Synergistic Intermetallic Effect on the Sulfurization of the NiWMo/Al2O3 Catalyst to Enhance the Hydrodesulfurization Performance

Abstract

The trimetallic NiWMo catalyst exhibits higher hydrodesulfurization activity compared with the bimetallic NiMo(W) catalyst. However, the nonsynchronous sulfurization of Mo and W during sulfurization leads to either an increase in slab size or incomplete sulfurization. This limitation hinders further improvement of the NiMoW catalyst’s performance. Therefore, it is essential to investigate factors influencing the sulfurization process of the trimetallic NiWMo catalyst, achieving synchronous sulfurization of Mo and W. Herein, the trimetallic NiWMo/Al₂O₃ catalyst is prepared by the impregnation method.
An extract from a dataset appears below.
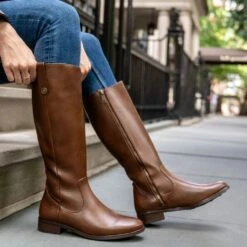 Crown | Cuero -Thursday Boots 1024x1024 Women Crown Cuero 080423 1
During sulfurization, the interaction between additive Ni with main metals W and Mo reduces the sulfurization temperature while increasing the degree of sulfurization for the main metals. Additionally, the interaction between W and Mo reduces the sulfurization temperature difference. As a result, the highest sulfurization rates for Ni, Mo, and W are observed within 290–375 °C, where close contact between Mo and W species inhibits unrestricted growth of Mo(W)S₂ slab length and forms a Ni–Mo–W–S active phase. Consequently, the Mo(W)S₂ lamella exhibits a higher stacking number and reduced slab length, which results in increased exposure to edges where Ni–Mo–W–S is present and an enhanced number of active sites on the catalyst. This enables higher hydrodesulfurization activity for NiWMo/Al₂O₃ and the 4,6-dimethyl-2-benzothiophene conversion reaches 100% at 320 °C.